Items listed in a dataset
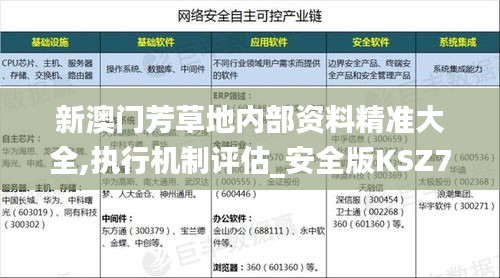 新澳門芳草地內部資料精準大全,執行機制評估_安全版KSZ7.79
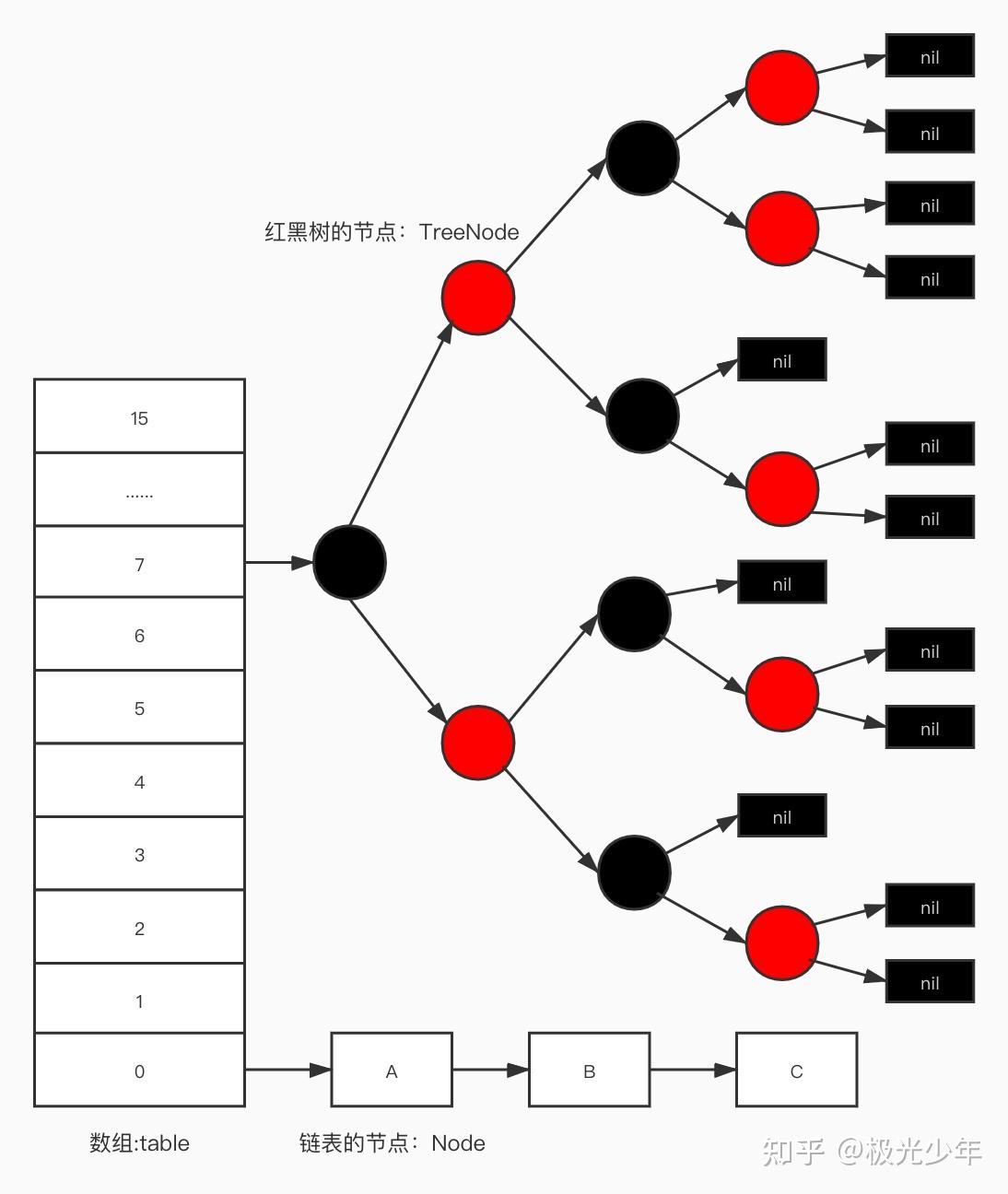 源码解读HashMap底层结构与实现原理之一--put、get方法大起底- 知乎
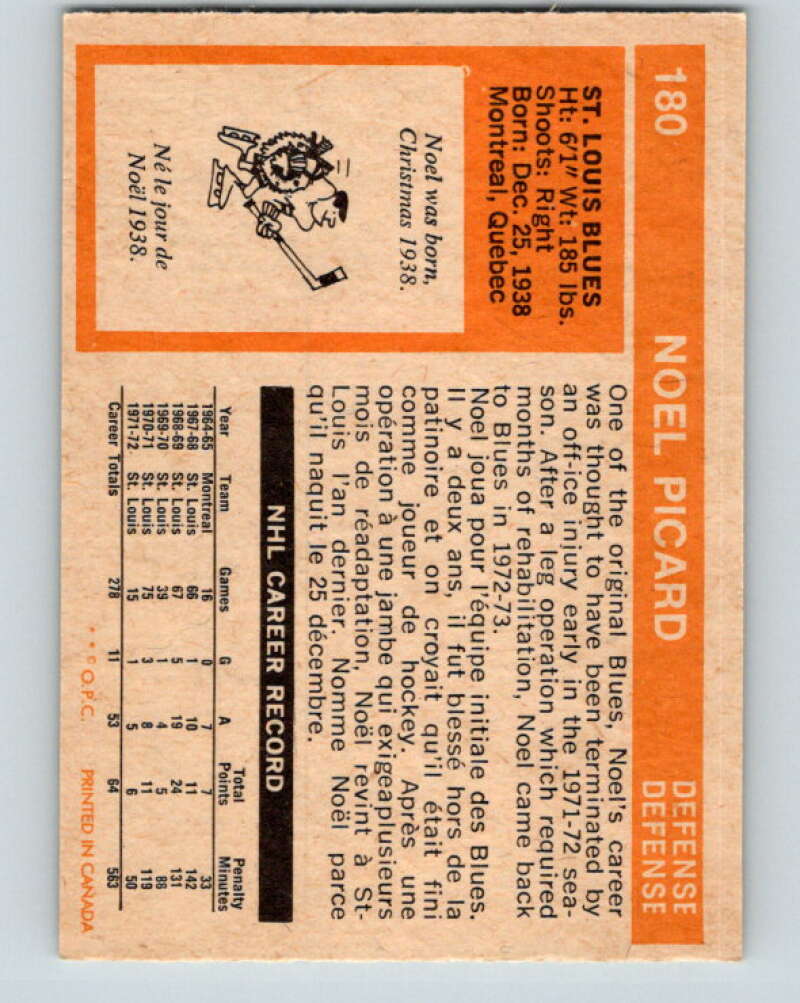1972-73 O-Pee-Chee #180 Noel Picard St. Louis Blues V4032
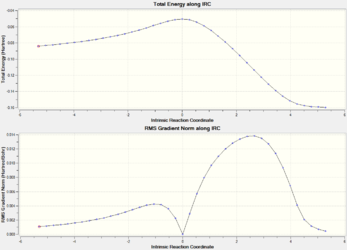 Thermal Expansion Coefficient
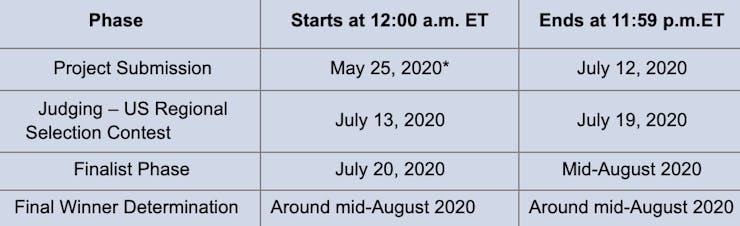 Screen Shot 2020-05-20 at 4.19.54 PM.png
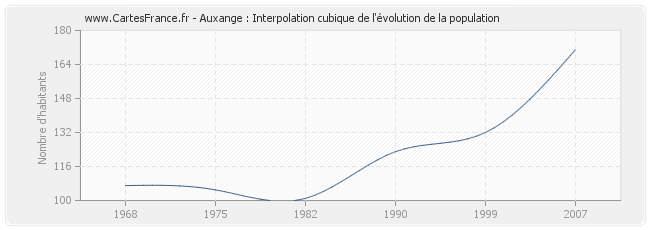 Auxange : Interpolation cubique de l'évolution de la population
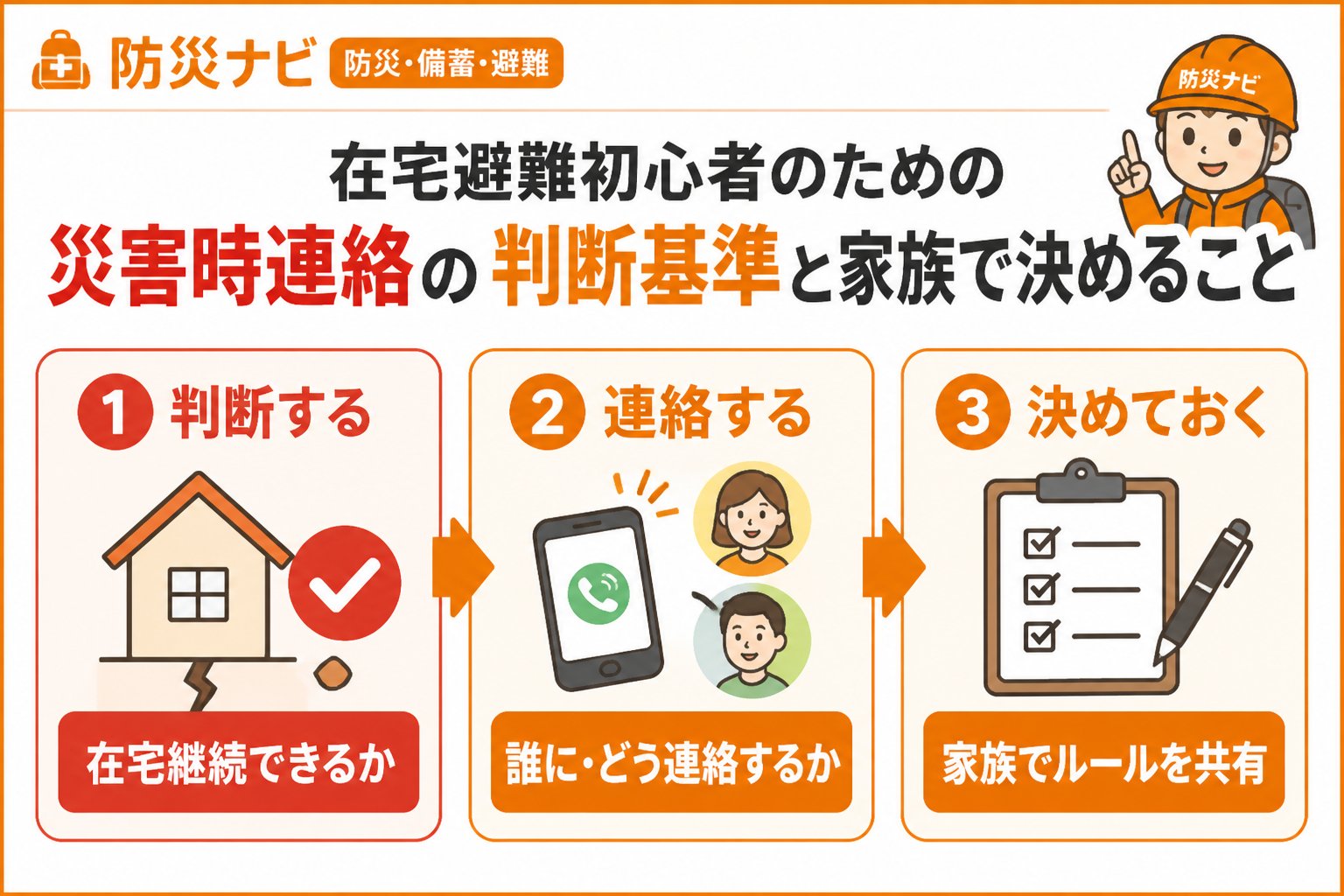 避難計画 在宅避難初心者のための災害時連絡の判断基準と家族で決めること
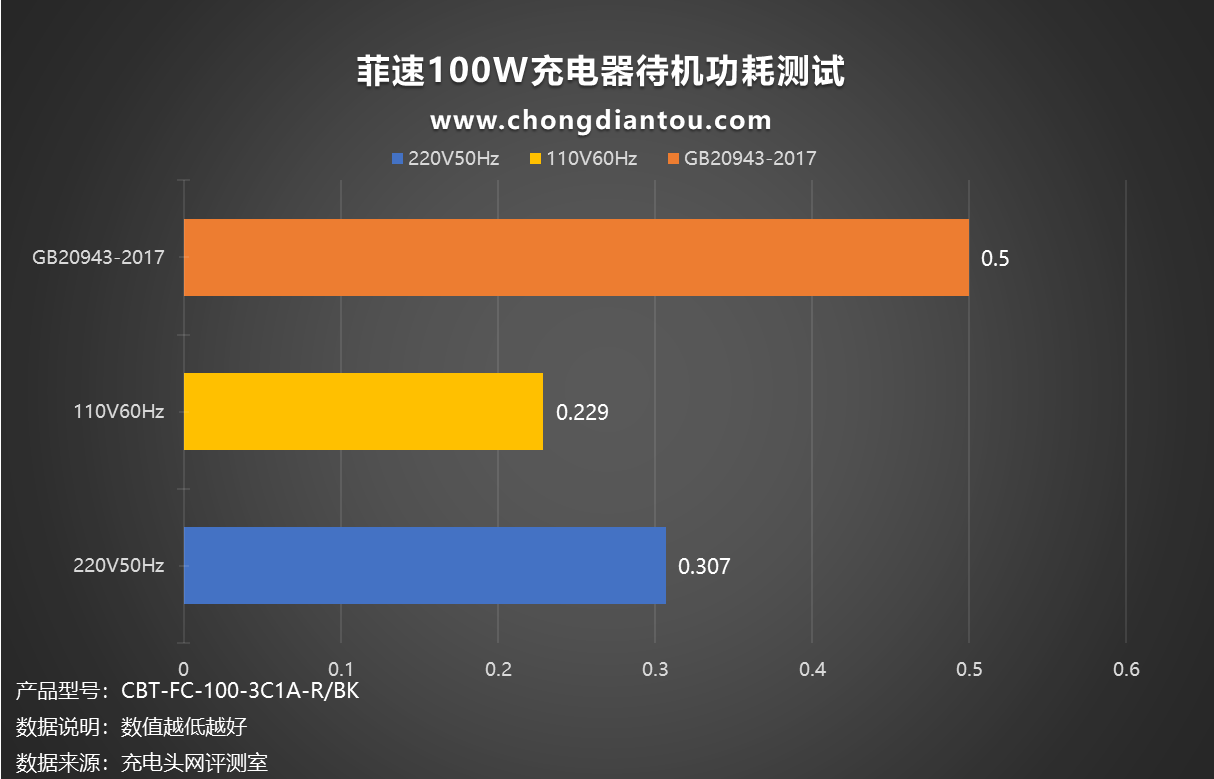 多阵营四设备快充,百瓦充电不排队,菲速100W氮化镓充电器评测-充电头网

Your objective – What you need to copy is the run of lines from the one holding "Thermal Expansion Coefficient" through the end of the data, exactly and only, both ends included, pictures omitted.

Solution to the exercise –
 Thermal Expansion Coefficient
 Screen Shot 2020-05-20 at 4.19.54 PM.png
 Auxange : Interpolation cubique de l'évolution de la population
 避難計画 在宅避難初心者のための災害時連絡の判断基準と家族で決めること
 多阵营四设备快充,百瓦充电不排队,菲速100W氮化镓充电器评测-充电头网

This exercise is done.